Abstract
A detailed analysis of the bifurcation structure of a two-level, quasigeostrophic model is made by a combined use of a continuation algorithm and extensive time integrations. The model is formulated on a sphere with realistic Northern Hemisphere topography and is driven by Newtonian relaxation to axisymmetric radiative-equilibrium temperature that represents the equator-to-pole contrast of the diabatic heating. The strength of this heating contrast is varied as a primary control parameter. Bifurcations of not only stationary but also periodic, doubly periodic (quasi periodic), and chaotic solutions are followed for the model with triangular 15 (T15) horizontal resolution, corresponding to the number of (real) spherical harmonic coefficients, 240.
It is found that the model possesses multiple attractors for a fairly broad, but realistic, range in the parameter space. Characteristic oscillatory modes are associated with each one of these attractors.
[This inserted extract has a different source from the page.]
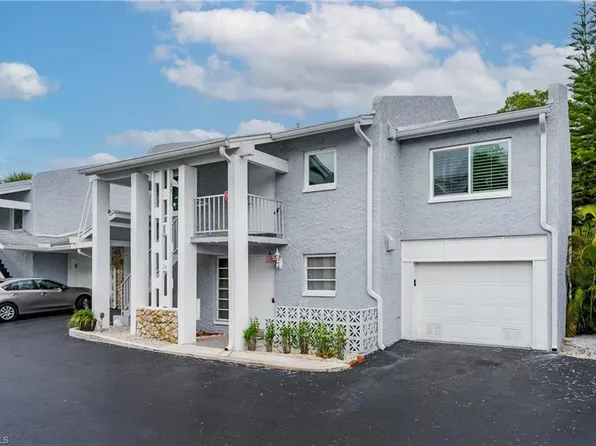 28 Watercolor Way #28, Naples, FL 34113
Two frequency bands, one in synoptic and the other in intraseasonal timescales, are dominant in such oscillations. These attractors keep their identity even when the system is perturbed by stochastic forcing of fairly large amplitude. Furthermore, when some parameters are changed to make the system more turbulent, it is observed that the system starts transiting among the ruins of attractors that used to be stable, a behavior reminiscent of the transitions among different flow regimes observed in the real atmosphere. Such behavior, called chaotic itinerancy, has recently attracted much attention as a characteristic of chaos in physical systems with many degrees of freedom. Chaotic itinerancy in the present model appears to be more complicated than the examples reported so far in that it consists of attractors with no obvious spatial symmetry and that preferred routes of transitions are observed. Evidences of multiple attractors and chaotic itinerancy are found in higher resolutions up to T21.
Discussions are made about implications of such model behavior to the understanding of observed low-frequency variability.